Le salon BE 4.0 qui se tient les 30 novembre et 1er décembre au parc des expositions de Mulhouse (Haut-Rhin) montre avant même qu’il n’ouvre ses portes que les industriels ont envie, et certainement besoin, de se retrouver dans un contexte d’affaires. 




Pour cette 5e édition, après une année blanche en 2020 réduite à une version digitale, 281 exposants ont réservé leur place au salon BE 4.0, davantage qu’en 2019 (273), dont 10 start-up de plus sur un total de 65, le tout répartis sur plus de 10.000 m2.
L’enjeu, pour les organisateurs Mulhouse Alsace Agglomération (M2A), le Conseil régional du Grand-Est et le parc des expositions de Mulhouse où il se déroule, est maintenant d’accueillir plus de visiteurs, au nombre de 4.114 en 2019.  Comme beaucoup de salons professionnels désormais, il aura un format hybride avec des événements proposés par des exposants en direct et en replay sur le site du salon.

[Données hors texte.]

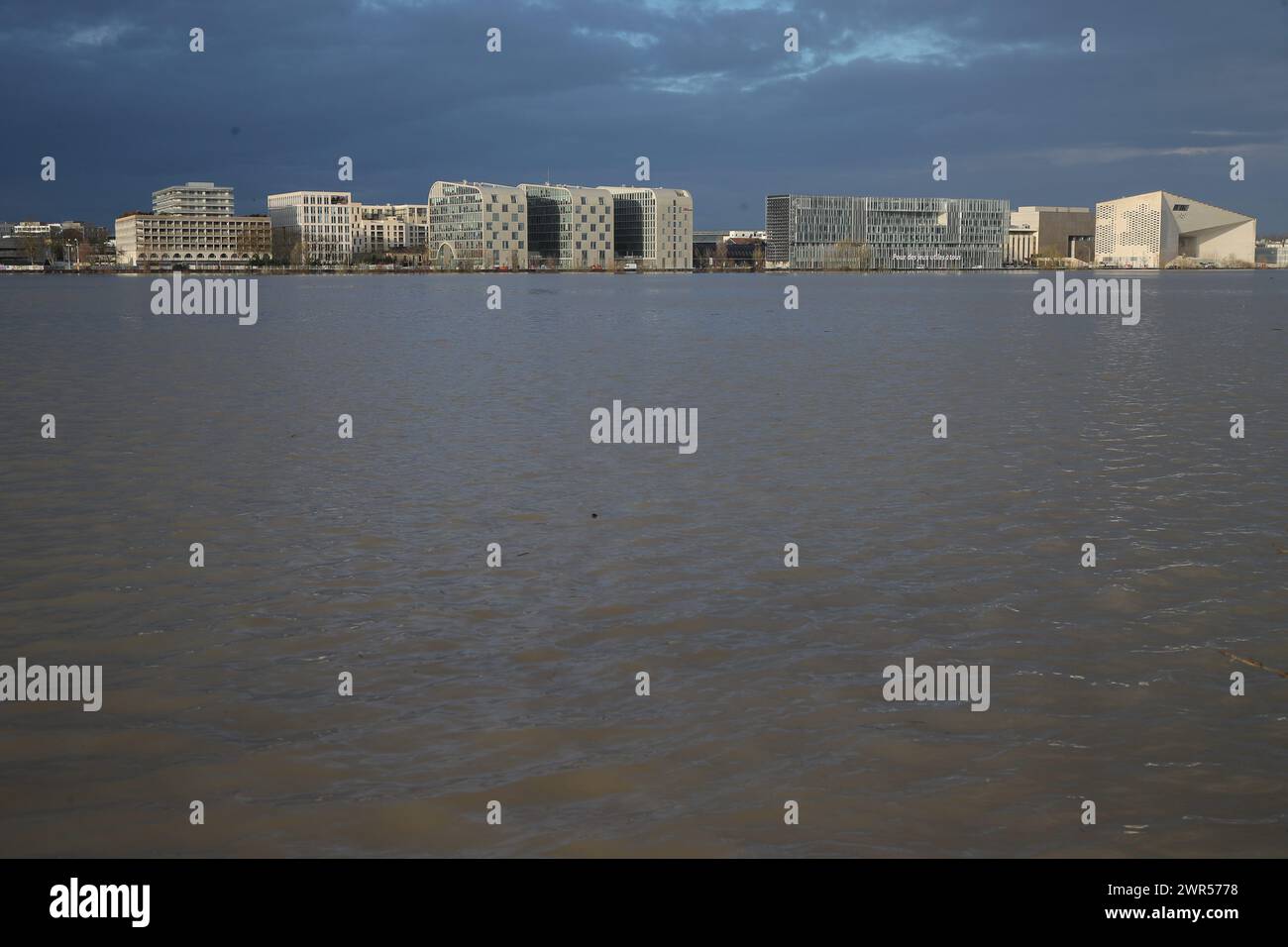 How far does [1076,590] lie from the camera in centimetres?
871

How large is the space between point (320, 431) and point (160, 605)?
8.34 m

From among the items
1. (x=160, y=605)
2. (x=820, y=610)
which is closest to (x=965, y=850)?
(x=820, y=610)

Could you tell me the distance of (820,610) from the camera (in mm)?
8219

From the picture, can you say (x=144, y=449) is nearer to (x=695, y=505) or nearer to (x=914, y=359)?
(x=695, y=505)

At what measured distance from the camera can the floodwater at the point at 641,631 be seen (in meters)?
5.32

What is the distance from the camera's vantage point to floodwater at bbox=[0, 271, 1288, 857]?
532 cm

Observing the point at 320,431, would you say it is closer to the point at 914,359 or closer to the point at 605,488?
the point at 605,488

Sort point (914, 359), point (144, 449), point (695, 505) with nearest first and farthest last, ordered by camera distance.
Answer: point (695, 505) < point (144, 449) < point (914, 359)

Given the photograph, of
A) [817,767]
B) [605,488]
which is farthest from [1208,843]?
[605,488]

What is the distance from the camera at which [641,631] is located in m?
7.82

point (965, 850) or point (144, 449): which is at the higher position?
point (144, 449)

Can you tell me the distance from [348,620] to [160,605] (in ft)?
4.67
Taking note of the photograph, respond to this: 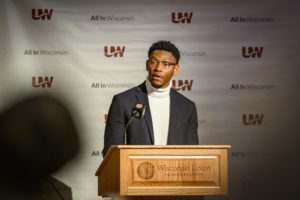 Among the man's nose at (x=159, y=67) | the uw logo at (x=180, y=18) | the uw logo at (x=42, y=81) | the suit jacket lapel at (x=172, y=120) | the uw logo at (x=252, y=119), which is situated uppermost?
the uw logo at (x=180, y=18)

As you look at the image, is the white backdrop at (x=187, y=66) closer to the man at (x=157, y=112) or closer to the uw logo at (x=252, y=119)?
the uw logo at (x=252, y=119)

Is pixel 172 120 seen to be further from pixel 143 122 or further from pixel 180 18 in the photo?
pixel 180 18

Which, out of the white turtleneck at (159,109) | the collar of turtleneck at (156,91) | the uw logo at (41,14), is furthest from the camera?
the uw logo at (41,14)

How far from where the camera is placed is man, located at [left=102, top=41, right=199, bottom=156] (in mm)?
3574

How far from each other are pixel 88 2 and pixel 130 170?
278 cm

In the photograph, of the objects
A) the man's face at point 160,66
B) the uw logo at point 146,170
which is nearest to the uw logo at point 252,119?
the man's face at point 160,66

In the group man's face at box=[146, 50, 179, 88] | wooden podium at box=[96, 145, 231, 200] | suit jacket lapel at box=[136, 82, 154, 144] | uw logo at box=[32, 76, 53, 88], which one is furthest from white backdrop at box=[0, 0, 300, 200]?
wooden podium at box=[96, 145, 231, 200]

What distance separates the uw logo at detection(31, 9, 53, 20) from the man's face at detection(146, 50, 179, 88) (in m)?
1.67

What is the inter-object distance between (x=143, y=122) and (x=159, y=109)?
26cm

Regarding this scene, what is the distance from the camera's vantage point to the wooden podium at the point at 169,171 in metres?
2.63

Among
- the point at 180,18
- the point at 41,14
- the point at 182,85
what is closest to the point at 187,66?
the point at 182,85

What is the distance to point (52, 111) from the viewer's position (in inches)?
191

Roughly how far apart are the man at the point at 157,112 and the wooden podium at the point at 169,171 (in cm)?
84

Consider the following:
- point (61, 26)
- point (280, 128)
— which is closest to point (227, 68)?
point (280, 128) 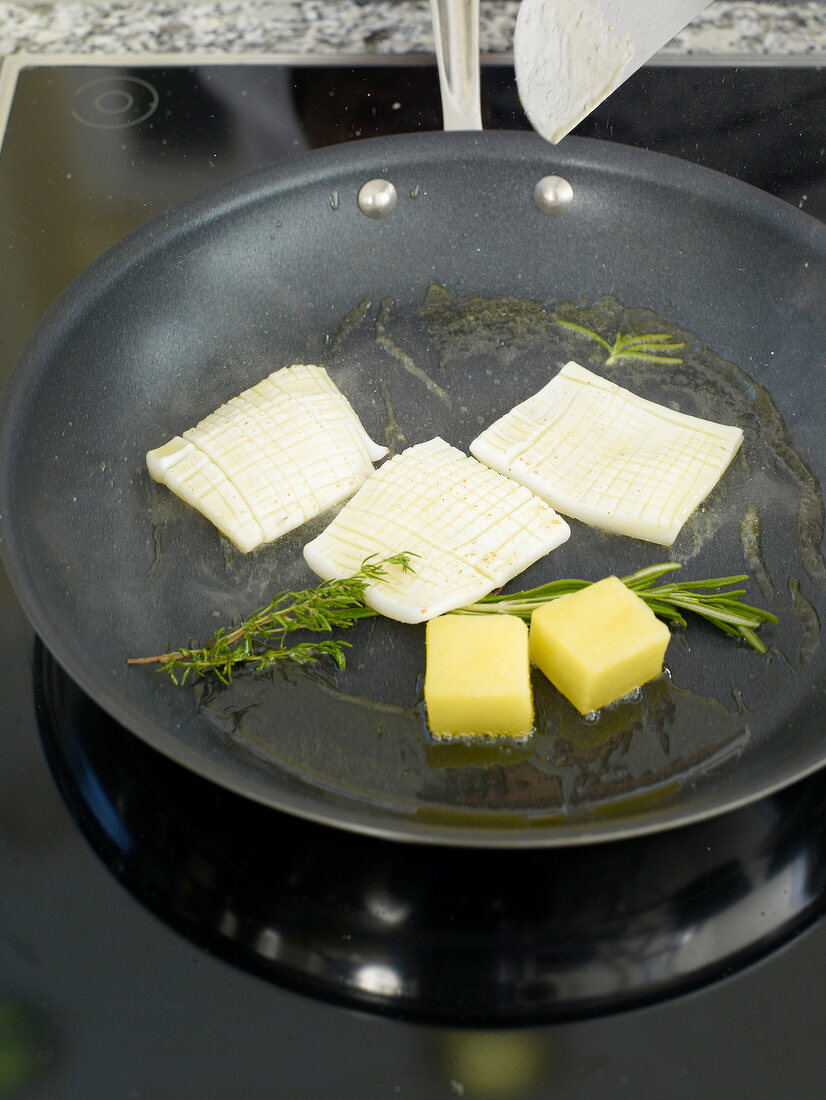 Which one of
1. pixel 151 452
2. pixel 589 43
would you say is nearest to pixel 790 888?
pixel 151 452

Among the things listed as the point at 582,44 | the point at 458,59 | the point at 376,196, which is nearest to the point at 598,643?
the point at 582,44

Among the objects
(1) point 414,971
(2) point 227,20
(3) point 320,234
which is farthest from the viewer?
(2) point 227,20

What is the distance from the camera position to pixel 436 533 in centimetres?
140

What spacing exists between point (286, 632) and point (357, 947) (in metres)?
0.41

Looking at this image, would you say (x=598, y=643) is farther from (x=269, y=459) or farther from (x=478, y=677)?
(x=269, y=459)

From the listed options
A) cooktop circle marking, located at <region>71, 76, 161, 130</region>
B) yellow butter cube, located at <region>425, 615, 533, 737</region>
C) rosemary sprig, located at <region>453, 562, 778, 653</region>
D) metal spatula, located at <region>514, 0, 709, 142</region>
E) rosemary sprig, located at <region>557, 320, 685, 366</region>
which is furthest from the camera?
cooktop circle marking, located at <region>71, 76, 161, 130</region>

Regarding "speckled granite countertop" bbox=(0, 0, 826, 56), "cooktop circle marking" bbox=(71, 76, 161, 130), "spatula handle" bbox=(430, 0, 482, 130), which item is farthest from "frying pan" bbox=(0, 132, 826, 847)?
"speckled granite countertop" bbox=(0, 0, 826, 56)

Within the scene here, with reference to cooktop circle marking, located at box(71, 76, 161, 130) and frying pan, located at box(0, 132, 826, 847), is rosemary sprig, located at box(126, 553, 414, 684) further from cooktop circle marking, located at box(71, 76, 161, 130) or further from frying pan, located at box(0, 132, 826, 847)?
cooktop circle marking, located at box(71, 76, 161, 130)

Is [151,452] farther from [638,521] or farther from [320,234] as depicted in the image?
[638,521]

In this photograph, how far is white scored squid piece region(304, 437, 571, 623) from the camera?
4.38 feet

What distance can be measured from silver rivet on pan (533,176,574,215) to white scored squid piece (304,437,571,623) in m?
0.55

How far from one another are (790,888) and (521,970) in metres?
0.31

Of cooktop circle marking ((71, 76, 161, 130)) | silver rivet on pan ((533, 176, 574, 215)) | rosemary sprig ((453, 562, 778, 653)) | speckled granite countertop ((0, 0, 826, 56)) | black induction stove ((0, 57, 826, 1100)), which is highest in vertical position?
speckled granite countertop ((0, 0, 826, 56))

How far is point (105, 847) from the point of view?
1.12m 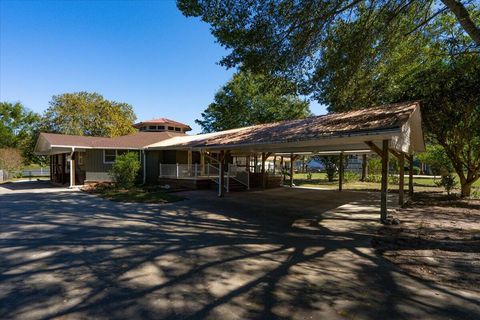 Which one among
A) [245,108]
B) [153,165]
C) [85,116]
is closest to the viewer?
[153,165]

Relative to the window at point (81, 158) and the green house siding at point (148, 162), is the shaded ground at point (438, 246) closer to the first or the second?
the green house siding at point (148, 162)

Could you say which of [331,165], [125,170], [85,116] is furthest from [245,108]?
[85,116]

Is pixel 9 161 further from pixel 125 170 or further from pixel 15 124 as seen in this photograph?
pixel 15 124

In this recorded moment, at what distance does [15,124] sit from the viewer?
134 ft

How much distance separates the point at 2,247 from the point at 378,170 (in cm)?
2836

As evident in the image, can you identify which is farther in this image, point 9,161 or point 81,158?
point 9,161

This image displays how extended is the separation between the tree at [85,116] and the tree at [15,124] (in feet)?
21.3

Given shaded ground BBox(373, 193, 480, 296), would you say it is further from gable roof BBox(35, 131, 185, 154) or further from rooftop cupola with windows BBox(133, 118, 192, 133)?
rooftop cupola with windows BBox(133, 118, 192, 133)

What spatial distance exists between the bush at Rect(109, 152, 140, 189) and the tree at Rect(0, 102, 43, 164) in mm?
30149

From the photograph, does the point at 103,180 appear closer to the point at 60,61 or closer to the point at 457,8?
the point at 60,61

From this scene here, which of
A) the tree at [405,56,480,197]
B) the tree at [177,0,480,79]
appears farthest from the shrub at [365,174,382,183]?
the tree at [177,0,480,79]

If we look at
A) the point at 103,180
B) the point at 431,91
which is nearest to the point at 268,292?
the point at 431,91

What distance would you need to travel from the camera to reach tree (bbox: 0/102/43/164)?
1481 inches

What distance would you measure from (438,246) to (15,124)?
170 feet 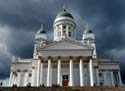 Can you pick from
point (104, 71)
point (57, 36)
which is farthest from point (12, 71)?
point (104, 71)

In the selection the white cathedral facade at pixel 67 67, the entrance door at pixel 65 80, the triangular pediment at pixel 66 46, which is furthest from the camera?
the entrance door at pixel 65 80

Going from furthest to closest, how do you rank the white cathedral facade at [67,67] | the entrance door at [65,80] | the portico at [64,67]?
the entrance door at [65,80], the white cathedral facade at [67,67], the portico at [64,67]

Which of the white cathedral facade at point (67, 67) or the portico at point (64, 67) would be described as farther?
the white cathedral facade at point (67, 67)

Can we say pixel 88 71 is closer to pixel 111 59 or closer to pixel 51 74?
pixel 51 74

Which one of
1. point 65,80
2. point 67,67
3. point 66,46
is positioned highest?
point 66,46

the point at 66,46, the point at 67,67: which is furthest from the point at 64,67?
the point at 66,46

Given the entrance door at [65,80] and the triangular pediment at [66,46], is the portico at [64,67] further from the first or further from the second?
the triangular pediment at [66,46]

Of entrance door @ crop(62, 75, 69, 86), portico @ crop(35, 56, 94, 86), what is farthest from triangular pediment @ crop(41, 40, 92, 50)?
entrance door @ crop(62, 75, 69, 86)

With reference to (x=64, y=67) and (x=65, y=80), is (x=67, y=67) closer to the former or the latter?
(x=64, y=67)

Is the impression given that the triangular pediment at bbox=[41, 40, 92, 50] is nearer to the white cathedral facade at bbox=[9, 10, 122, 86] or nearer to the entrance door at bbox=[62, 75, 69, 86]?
the white cathedral facade at bbox=[9, 10, 122, 86]

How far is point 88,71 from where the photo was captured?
126 ft

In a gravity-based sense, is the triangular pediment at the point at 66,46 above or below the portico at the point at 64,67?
above

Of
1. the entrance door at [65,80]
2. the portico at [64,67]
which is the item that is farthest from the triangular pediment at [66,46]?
the entrance door at [65,80]

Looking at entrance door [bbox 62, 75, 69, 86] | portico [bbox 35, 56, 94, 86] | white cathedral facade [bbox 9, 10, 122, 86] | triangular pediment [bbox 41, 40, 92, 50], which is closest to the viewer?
portico [bbox 35, 56, 94, 86]
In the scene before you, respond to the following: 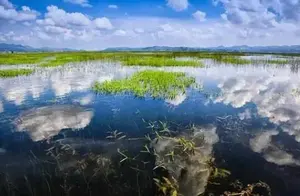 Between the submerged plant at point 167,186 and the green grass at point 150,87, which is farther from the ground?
the green grass at point 150,87

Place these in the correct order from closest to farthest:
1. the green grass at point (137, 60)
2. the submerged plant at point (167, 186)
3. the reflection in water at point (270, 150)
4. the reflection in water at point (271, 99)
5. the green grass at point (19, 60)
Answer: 1. the submerged plant at point (167, 186)
2. the reflection in water at point (270, 150)
3. the reflection in water at point (271, 99)
4. the green grass at point (137, 60)
5. the green grass at point (19, 60)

Pour renforcer l'intérêt des industriels, les organisateurs ajoutent à la thématique de la transformation numérique de l’outil de production qui fait la singularité de ce salon, une seconde tout autant d’actualité, la décarbonation de l’industrie, et un zoom sur un problème qui s’est accéléré ces deux dernières années, la cybersécurité.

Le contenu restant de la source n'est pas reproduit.